**Given information:**
━━━━━━━━
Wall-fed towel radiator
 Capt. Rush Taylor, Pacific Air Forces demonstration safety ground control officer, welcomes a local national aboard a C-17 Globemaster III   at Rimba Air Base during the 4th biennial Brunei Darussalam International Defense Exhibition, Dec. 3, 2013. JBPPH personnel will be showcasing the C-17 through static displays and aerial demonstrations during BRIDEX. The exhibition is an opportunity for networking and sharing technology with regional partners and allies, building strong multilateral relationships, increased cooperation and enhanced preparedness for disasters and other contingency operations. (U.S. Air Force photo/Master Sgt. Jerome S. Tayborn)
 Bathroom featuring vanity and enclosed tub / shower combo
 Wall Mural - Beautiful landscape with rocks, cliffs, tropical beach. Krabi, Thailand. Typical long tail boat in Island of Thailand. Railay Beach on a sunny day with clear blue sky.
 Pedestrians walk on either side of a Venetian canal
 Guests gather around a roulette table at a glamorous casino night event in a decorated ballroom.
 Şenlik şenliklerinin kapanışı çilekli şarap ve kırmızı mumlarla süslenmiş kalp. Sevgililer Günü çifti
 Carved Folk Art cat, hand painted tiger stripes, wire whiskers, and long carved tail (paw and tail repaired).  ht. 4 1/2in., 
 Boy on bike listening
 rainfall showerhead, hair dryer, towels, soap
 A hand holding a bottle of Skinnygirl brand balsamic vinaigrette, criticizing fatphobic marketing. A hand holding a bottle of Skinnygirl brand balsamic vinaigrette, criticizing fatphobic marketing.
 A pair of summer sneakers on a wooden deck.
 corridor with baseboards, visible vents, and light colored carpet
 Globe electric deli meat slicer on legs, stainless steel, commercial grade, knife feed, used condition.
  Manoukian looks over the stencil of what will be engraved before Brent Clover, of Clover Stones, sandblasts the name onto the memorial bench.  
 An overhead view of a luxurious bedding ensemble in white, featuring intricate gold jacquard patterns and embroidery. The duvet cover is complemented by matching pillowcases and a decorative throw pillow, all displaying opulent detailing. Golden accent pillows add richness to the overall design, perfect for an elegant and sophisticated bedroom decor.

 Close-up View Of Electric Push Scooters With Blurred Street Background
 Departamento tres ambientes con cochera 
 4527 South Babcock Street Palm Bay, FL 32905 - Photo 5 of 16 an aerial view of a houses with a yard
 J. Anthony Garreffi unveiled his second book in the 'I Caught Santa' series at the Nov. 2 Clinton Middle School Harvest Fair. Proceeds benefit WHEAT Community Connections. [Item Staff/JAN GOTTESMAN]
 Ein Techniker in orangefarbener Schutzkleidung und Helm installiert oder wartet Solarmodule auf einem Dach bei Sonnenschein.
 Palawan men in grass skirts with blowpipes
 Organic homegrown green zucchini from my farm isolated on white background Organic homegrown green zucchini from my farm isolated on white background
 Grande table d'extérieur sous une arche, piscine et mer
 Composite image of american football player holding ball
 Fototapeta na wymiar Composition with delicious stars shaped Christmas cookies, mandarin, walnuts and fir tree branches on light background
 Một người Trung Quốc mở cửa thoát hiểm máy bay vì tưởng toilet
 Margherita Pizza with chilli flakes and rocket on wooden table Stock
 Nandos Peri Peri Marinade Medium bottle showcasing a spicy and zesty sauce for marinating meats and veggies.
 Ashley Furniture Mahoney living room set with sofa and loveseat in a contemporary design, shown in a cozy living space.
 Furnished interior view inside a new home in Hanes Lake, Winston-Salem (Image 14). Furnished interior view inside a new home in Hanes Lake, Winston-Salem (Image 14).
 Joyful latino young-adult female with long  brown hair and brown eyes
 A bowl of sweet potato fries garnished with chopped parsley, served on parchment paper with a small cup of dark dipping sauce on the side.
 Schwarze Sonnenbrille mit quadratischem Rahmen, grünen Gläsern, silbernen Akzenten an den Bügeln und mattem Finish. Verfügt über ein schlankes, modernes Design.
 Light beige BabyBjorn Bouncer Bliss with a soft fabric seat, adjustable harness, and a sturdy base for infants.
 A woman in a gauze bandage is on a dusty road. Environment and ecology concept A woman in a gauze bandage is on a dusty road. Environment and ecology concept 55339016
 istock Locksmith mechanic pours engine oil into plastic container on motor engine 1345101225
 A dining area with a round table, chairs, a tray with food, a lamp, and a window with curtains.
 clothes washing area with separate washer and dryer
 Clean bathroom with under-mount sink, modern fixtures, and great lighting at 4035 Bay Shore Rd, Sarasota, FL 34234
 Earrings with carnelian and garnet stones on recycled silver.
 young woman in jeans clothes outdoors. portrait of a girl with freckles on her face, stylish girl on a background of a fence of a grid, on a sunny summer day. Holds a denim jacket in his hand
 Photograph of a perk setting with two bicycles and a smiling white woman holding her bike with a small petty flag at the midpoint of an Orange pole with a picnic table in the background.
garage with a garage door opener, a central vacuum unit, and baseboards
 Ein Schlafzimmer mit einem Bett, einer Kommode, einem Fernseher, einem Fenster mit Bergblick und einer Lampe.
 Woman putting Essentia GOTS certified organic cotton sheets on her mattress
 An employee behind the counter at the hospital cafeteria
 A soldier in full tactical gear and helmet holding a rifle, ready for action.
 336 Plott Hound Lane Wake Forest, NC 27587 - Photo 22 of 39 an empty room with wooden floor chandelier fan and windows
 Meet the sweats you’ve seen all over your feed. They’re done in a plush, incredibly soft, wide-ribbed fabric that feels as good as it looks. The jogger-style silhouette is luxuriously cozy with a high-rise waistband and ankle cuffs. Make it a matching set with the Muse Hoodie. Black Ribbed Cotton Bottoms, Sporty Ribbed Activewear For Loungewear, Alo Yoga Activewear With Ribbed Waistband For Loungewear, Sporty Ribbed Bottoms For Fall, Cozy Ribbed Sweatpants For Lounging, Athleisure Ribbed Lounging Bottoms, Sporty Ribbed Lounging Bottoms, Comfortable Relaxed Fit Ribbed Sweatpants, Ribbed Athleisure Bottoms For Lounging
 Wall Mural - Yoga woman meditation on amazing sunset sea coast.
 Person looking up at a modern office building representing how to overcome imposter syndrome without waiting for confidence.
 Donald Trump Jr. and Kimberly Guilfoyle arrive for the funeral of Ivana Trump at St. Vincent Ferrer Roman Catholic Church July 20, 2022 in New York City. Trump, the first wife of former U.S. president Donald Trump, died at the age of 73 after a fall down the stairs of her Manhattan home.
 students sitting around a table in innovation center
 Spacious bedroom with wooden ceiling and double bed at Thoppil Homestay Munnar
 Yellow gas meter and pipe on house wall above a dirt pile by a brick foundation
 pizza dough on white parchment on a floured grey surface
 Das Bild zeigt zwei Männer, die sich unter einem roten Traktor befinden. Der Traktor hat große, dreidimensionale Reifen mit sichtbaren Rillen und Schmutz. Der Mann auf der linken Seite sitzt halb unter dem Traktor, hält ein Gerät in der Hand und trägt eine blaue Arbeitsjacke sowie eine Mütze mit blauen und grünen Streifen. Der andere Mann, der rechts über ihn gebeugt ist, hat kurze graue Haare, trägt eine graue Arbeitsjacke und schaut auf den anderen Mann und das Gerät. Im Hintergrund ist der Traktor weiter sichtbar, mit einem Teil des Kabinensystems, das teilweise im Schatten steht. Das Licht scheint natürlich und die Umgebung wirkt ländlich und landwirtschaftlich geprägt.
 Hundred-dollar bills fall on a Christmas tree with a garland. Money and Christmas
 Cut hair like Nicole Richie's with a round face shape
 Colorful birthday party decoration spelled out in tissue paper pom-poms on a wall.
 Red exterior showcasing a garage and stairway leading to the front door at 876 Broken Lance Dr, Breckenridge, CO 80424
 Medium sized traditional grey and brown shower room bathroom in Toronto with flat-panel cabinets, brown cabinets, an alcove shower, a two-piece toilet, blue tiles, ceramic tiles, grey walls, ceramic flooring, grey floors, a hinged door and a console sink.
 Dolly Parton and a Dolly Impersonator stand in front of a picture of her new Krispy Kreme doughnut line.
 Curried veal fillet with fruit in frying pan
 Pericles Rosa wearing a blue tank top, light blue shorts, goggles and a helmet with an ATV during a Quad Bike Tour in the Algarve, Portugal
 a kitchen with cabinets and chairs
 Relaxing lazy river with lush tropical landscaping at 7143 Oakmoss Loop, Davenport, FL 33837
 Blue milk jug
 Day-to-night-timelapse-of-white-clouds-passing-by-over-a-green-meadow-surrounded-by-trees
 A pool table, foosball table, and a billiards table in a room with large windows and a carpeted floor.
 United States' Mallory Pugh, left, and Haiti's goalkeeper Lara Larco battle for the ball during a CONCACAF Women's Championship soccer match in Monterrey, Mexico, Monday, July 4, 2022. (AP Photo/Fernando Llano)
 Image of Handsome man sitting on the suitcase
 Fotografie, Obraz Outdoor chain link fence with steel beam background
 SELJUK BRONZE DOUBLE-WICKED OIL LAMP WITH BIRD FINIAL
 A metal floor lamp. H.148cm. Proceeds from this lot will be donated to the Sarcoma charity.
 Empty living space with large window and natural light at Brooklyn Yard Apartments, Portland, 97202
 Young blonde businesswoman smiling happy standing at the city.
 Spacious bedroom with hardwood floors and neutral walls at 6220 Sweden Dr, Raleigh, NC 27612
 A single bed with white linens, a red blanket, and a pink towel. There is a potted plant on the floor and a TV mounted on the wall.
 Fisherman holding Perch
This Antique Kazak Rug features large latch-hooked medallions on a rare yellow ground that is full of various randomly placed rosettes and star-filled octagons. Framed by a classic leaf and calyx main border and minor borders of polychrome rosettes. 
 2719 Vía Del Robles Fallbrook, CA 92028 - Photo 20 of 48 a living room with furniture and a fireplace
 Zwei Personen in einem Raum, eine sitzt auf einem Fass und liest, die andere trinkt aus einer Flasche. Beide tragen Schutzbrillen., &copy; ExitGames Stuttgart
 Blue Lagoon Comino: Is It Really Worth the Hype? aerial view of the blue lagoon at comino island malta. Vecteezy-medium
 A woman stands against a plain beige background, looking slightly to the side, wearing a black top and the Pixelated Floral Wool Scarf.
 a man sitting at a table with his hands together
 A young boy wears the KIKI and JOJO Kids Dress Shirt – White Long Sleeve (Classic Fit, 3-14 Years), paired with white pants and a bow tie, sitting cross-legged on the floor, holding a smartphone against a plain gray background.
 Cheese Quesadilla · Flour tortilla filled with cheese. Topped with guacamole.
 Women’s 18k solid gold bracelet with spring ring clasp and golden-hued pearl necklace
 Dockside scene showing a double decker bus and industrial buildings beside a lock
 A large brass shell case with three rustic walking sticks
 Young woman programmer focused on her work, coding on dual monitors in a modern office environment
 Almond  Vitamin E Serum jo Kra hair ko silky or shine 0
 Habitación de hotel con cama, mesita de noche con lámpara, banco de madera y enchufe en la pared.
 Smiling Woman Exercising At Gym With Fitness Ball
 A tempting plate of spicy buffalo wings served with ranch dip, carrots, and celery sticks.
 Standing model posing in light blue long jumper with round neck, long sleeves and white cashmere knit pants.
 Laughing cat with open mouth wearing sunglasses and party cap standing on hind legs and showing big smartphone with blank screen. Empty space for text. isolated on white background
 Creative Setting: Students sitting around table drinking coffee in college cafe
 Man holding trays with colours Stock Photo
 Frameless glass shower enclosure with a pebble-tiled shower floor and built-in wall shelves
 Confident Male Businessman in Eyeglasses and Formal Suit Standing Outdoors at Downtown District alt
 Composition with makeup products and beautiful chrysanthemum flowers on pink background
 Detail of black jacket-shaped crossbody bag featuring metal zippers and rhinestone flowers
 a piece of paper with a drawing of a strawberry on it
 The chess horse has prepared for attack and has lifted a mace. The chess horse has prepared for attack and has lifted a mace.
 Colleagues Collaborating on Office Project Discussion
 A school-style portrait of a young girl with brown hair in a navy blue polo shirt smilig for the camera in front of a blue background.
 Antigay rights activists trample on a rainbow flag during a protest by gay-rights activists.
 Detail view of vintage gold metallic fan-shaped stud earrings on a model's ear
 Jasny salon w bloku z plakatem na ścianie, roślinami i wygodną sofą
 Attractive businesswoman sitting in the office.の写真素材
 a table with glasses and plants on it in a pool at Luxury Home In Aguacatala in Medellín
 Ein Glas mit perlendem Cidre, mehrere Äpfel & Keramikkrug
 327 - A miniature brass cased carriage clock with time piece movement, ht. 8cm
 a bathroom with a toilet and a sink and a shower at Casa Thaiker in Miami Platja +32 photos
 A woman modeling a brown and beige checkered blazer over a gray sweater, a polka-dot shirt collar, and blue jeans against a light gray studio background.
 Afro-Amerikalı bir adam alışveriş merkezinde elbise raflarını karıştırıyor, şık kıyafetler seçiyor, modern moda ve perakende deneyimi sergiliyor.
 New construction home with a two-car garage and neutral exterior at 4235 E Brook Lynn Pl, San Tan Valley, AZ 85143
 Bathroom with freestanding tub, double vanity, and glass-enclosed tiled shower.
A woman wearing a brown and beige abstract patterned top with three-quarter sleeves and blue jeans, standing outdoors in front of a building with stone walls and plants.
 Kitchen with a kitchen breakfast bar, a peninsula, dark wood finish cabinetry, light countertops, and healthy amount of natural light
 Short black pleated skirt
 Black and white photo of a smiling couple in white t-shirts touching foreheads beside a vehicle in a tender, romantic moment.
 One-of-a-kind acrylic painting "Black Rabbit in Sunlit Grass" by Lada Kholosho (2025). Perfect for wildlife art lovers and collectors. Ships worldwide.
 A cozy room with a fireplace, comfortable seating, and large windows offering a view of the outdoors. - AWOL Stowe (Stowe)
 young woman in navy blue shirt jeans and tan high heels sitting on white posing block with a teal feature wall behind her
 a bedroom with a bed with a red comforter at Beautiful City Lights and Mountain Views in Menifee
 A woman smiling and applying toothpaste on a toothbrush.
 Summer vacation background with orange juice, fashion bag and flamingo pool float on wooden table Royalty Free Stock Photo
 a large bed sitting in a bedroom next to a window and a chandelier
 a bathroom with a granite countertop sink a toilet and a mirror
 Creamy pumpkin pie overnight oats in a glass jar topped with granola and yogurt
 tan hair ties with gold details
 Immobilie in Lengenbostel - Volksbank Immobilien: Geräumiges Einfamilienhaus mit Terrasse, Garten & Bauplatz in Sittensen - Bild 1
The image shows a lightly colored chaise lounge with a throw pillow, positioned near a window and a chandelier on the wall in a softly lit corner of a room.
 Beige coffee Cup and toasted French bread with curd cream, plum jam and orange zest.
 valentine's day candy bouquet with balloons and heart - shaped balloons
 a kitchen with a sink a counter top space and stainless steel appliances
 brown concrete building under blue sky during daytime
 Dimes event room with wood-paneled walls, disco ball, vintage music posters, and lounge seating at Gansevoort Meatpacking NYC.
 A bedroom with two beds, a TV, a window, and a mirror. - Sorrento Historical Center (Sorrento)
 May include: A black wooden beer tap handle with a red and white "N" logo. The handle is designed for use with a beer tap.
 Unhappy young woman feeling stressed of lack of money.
━━━━━━━━
**Exercise instructions:** Respond with a number only, please: how many lines in this data include the word "large".

**Solution:** 6